Peux-tu te présenter pour les personnes qui ne te connaissent pas encore ?

Mon nom est Eugene McGuinness, et je suis en quelque sorte un musicien… Je chante. Je suis un homme/chanteur on va dire (rires)

Maintenant que ta musique commence à être reconnue aussi bien en Angleterre qu’en dehors, comment appréhendes-tu ce début de succès récent ?

C’est en cours actuellement, alors c’est un peu délicat de se poser car tout bouge tout le temps, je fais toujours plein de choses. C’est une bonne chose cependant que les gens écoutent ma musique de manière graduelle et constante, et c’est très amusant à vivre, très épanouissant, car ce sont toujours de nouvelles personnes qui viennent s’ajouter à la troupe.

Ton premier album est sorti, es-tu encore en plein dedans, ou bien te distancies-tu de lui désormais, comme passé à autre chose ?

D’une certaine façon, oui. Le prochain est complètement établi dans ma tête. Toutes les chansons sont là. Mais pour ce premier album, je n’en suis pas encore du tout lassé. J’ai encore beaucoup de plaisir à jouer ces chansons, elles me semblent encore tout à fait neuves, bien que certaines d’entre elles datent d’il y a déjà plus d’un an, et côtoient des plus récentes que j’aime également. Cet album n’est pas encore éloigné de moi. Je ne crois pas qu’il le sera un jour. J’espère que non, même si c’est probable que si. En tout cas, je suis impatient d’enregistrer de nouvelles chansons. Je suis très chanceux en ce moment, alors autant en profiter !

Quelles étaient tes influences étant plus jeune, bien avant que tu ne songes à pouvoir enregistrer un album ?

C’était un mélange entre Top Of The Pops et les trucs qui passaient à la télévision et à la radio comme Gangsta’s Paradise ou le dernier single de Madonna de l’époque ; mais également, la collection de disques de mon père qui était un maniaque des Beatles et de Dylan, et il les avaient tous. Il y avait aussi des disques de blues ou du Lou Reed.
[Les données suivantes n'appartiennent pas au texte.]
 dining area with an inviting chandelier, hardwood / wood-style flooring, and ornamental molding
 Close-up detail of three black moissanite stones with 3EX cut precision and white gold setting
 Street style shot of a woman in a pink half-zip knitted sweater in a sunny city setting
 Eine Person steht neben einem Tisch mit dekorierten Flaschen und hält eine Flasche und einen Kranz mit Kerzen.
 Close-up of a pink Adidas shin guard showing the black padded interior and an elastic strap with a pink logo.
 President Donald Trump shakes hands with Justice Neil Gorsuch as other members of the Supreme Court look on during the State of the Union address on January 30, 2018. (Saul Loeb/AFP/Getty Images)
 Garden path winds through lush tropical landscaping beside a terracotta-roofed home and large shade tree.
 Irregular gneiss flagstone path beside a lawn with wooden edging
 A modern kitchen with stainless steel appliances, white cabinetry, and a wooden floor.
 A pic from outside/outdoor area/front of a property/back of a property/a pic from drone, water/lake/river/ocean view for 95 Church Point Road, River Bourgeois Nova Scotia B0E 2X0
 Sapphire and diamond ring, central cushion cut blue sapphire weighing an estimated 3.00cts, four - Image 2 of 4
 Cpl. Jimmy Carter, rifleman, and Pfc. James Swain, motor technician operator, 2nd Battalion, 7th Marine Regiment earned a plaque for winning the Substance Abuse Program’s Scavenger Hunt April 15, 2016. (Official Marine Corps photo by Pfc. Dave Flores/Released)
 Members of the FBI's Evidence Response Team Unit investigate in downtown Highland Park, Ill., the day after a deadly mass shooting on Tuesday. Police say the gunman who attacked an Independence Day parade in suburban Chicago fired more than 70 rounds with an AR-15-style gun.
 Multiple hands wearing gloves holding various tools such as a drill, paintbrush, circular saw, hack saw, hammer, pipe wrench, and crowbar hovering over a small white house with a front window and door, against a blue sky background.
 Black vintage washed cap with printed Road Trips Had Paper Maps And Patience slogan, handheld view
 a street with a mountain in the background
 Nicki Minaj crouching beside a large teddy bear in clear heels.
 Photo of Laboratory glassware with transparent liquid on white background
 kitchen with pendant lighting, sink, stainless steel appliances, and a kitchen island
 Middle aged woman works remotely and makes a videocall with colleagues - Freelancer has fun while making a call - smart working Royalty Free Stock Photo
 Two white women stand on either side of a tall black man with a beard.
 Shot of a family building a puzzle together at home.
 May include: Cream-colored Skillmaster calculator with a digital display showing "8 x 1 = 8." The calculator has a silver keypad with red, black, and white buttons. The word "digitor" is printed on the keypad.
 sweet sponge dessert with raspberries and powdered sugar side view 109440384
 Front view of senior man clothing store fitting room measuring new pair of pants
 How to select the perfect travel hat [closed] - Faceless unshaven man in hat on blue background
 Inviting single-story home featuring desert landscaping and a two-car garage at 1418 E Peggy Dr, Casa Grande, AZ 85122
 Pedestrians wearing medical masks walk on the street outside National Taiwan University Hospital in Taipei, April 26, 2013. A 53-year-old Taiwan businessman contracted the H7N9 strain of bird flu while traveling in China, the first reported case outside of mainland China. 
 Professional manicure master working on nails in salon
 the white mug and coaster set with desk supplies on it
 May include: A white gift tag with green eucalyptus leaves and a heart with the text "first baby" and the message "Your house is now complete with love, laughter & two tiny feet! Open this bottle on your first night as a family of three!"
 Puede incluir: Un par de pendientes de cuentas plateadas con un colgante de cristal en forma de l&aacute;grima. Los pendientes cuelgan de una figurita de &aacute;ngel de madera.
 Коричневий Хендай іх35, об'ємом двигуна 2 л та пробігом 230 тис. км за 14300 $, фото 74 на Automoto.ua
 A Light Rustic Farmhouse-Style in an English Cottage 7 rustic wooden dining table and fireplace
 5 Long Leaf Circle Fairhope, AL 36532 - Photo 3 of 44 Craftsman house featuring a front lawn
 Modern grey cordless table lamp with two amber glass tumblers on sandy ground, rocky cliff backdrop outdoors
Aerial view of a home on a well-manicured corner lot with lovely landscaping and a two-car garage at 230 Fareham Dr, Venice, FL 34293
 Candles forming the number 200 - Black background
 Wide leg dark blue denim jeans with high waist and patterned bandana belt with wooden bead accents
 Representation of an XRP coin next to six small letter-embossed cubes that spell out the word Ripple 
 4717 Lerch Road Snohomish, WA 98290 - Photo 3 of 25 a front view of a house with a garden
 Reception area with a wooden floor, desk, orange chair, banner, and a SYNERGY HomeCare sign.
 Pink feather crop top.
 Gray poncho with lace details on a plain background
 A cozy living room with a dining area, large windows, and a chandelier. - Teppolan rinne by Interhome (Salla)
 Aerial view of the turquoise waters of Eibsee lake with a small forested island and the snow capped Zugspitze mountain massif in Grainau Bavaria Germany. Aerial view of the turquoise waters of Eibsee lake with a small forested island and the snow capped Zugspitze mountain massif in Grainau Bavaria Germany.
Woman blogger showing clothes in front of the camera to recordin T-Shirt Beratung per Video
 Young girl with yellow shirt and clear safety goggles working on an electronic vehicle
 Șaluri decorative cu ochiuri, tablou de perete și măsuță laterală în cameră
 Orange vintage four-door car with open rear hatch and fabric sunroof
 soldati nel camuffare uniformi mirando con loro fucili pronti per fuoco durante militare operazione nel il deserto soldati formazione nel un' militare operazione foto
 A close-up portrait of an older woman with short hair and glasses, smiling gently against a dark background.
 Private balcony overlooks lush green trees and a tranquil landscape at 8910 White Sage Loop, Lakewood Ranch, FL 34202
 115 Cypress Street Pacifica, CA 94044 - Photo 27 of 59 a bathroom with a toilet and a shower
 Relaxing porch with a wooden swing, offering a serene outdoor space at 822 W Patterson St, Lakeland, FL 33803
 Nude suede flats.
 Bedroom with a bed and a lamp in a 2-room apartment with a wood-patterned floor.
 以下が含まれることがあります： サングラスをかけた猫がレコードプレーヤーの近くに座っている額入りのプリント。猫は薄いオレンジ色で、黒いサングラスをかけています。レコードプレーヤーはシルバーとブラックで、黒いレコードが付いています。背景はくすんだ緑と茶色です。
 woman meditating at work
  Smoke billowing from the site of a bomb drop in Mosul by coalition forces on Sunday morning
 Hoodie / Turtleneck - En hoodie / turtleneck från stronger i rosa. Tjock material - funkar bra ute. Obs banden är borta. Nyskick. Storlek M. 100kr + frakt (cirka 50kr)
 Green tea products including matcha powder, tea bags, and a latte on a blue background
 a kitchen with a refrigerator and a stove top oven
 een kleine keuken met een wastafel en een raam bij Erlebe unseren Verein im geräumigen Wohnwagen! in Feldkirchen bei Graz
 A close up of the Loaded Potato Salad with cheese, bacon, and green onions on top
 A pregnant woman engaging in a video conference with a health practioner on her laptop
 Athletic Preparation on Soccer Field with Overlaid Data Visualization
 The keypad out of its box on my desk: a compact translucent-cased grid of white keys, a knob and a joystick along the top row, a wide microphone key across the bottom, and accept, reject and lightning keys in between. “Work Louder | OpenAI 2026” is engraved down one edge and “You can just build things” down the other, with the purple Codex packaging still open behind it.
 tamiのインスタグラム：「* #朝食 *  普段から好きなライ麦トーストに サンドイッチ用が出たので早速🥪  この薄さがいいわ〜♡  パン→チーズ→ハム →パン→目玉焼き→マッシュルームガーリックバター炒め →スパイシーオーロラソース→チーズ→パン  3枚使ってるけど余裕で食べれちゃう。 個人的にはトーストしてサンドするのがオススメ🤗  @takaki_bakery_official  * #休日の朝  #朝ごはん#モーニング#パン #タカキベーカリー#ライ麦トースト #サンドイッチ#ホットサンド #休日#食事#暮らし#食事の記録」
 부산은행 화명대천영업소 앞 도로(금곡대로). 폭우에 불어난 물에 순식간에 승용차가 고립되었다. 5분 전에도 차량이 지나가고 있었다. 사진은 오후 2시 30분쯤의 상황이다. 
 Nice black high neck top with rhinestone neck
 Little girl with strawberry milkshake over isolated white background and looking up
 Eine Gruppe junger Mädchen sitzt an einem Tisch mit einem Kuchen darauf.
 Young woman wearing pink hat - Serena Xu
A mesure que je grandissais, il y avait toujours un disque qui tournait. Sur le chemin de l’école, il y avait de la pop, bien que j’ai manqué un peu la brit-pop à l’époque, j’y avais droit aussi, j’aimais beaucoup Blur et Oasis. Puis rentré à la maison, pendant que mon père faisait la cuisine, il y avait Highway 61 ou Revolver, et j’appréciais vraiment ça.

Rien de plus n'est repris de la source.